Trypsin (EC 18.104.22.168) is a serine protease from the PA clan superfamily, found in the digestive system of many vertebrates, where it hydrolyses proteins. Trypsin is produced in the pancreas as the inactive proenzyme trypsinogen. Trypsin cleaves peptide chains mainly at the carboxyl side of the amino acids lysine or arginine, except when either is followed by proline. It is used for numerousbiotechnological processes. The process is commonly referred to as trypsin proteolysis or trypsinisation, and proteins that have been digested/treated with trypsin are said to have been trypsinized.
Activation of trypsin from proteolytic cleavage of trypsinogen in the pancreas can lead to a series of events that cause pancreatic self-digestion, resulting in pancreatitis. One consequence of the autosomal recessive disease cystic fibrosis is a deficiency in transport of trypsin and other digestive enzymes from the pancreas. This leads to the disorder termed meconium ileus. This disorder involves intestinal obstruction (ileus) due to overly thick meconium, which is normally broken down by trypsin and other proteases, then passed in feces.
Trypsin is available in high quantity in pancreases, and can be purified rather easily. Hence it has been used widely in various biotechnological processes.
In a tissue culture lab, trypsin is used to re-suspend cells adherent to the cell culture dish wall during the process of harvesting cells. Some cell types have a tendency to “stick” – or adhere – to the sides and bottom of a dish when cultivated in vitro. Trypsin is used to cleave proteins bonding the cultured cells to the dish, so that the cells can be suspended in fresh solution and transferred to fresh dishes.

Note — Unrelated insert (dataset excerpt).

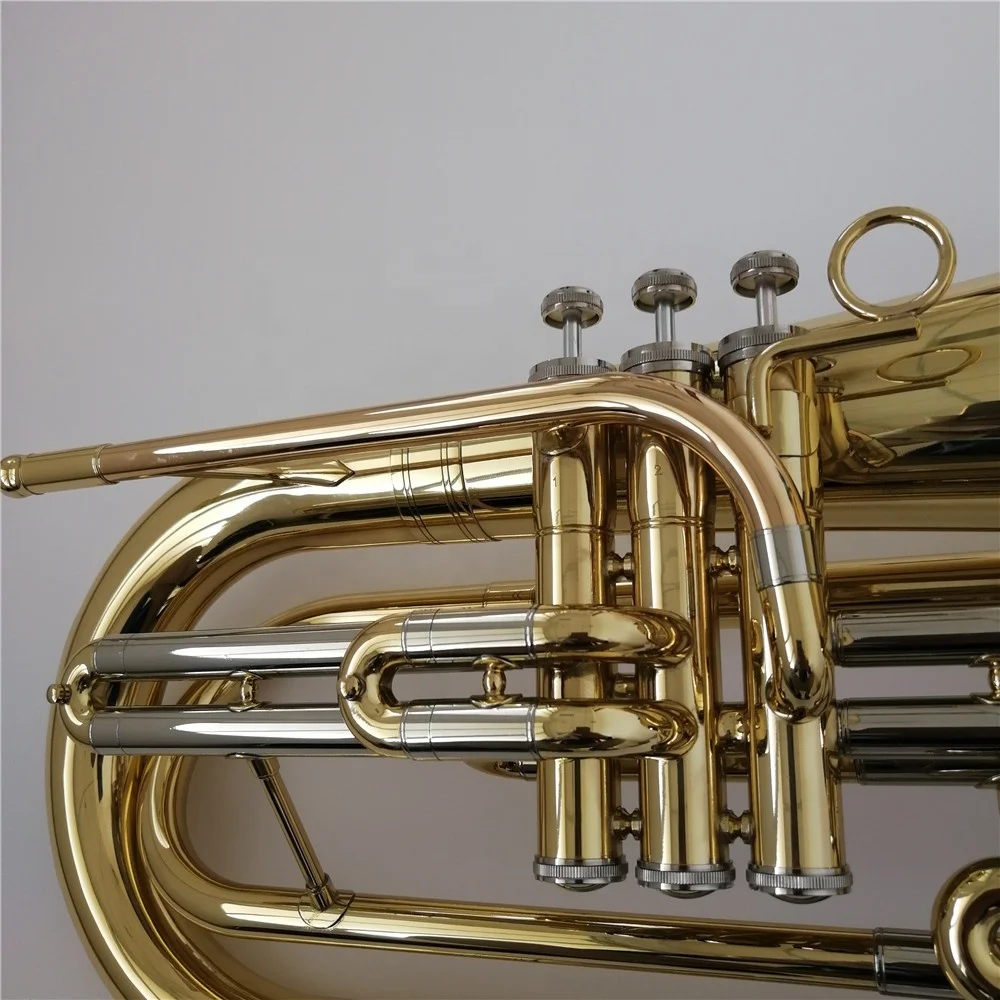 
Marching baritone imported Germany brass material gold lacquer surface customized logo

Trypsin can also be used to dissociate dissected cells (for example, prior to cell fixing and sorting).
Trypsin can be used to break down casein in breast milk. If trypsin is added to a solution of milk powder, the breakdown of casein will cause the milk to become translucent. The rate of reaction can be measured by using the amount of time it takes for the milk to turn translucent.

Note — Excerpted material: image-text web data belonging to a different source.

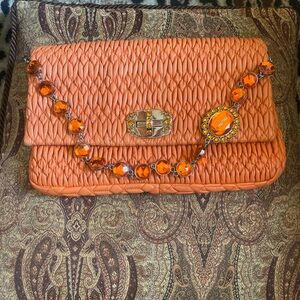 Miu Miu Tangerine Matelasse Leather Crystal Flap Shoulder Bag Large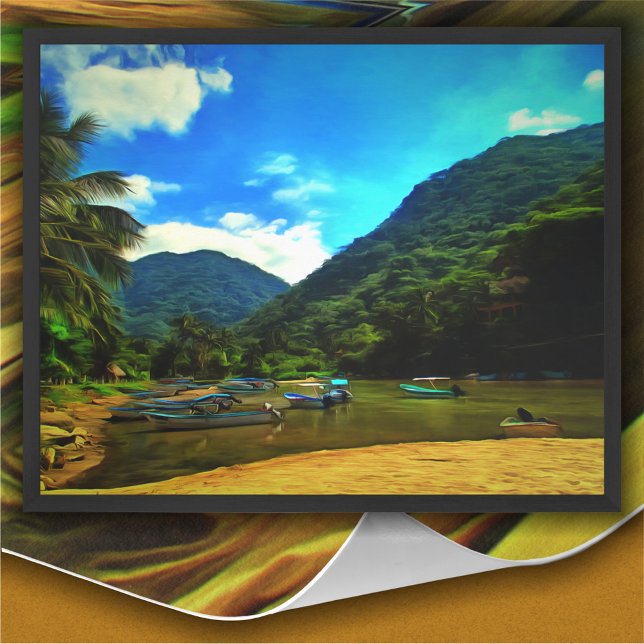 Mismaloya River Fishing Boats 0344 Art Print Poster (Von Creator hochgeladen)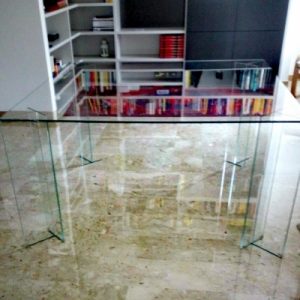 tavolo in vetro extrachiaro temperato 150cm x 150 cm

Trypsin is commonly used in biological research during proteomics experiments to digest proteins into peptides for mass spectrometry analysis, e.g. in-gel digestion. Trypsin is particularly suited for this, since it has a very well defined specificity, as it hydrolyzes only the peptide bonds in which the carbonyl group is contributed either by an Arg or Lys residue.

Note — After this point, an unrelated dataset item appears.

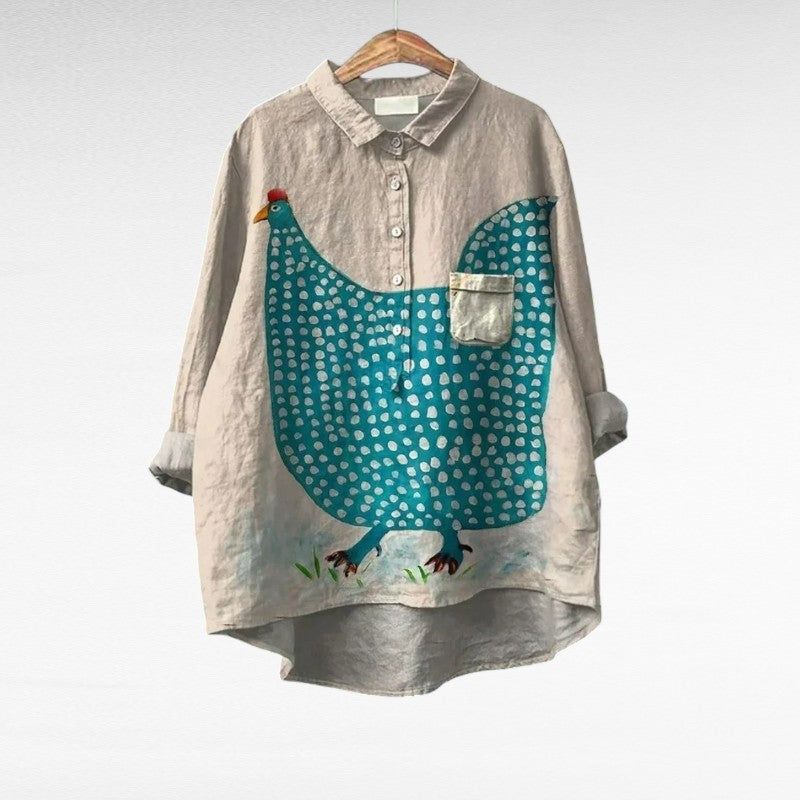 Keisha | Moderne Kylling Print Bluse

Trypsin can also be used to dissolve blood clots in its microbial form and treat inflammation in its pancreatic form.
Commercial protease preparations usually consist of a mixture of various protease enzymes that often includes trypsin. These preparations are widely utilized in food processing:
- as a baking enzyme to improve the workability of dough;
- in the extraction of seasonings and flavourings from vegetable or animal proteins and in the manufacture of sauces;
- to control aroma formation in cheese and milk products;
- to improve the texture of fish products;
- to tenderize meat;
- during cold stabilization of beer;
- in the production of hypoallergenic food where proteases break down specific allergenic proteins into nonallergenic peptides. For example, proteases are used to produce hypoallergenic baby food from cow’s milk thereby diminishing the risk of babies developing milk allergies.
In order to prevent the action of active trypsin in the pancreas which can be highly damaging, inhibitors such as BPTI and SPINK1 in the pancreas and α1-antitrypsin in the serum are present as part of the defense against its inappropriate activation. Any trypsin prematurely formed from the inactive trypsinogen would be bound by the inhibitor. The protein-protein interaction between trypsin and its inhibitors is one of the tightest found, and trypsin is bound by some of its pancreatic inhibitors essentially irreversibly. In contrast with nearly all known protein assemblies, some complexes of trypsin bound by its inhibitors do not readily dissociate after treatment with 8M urea.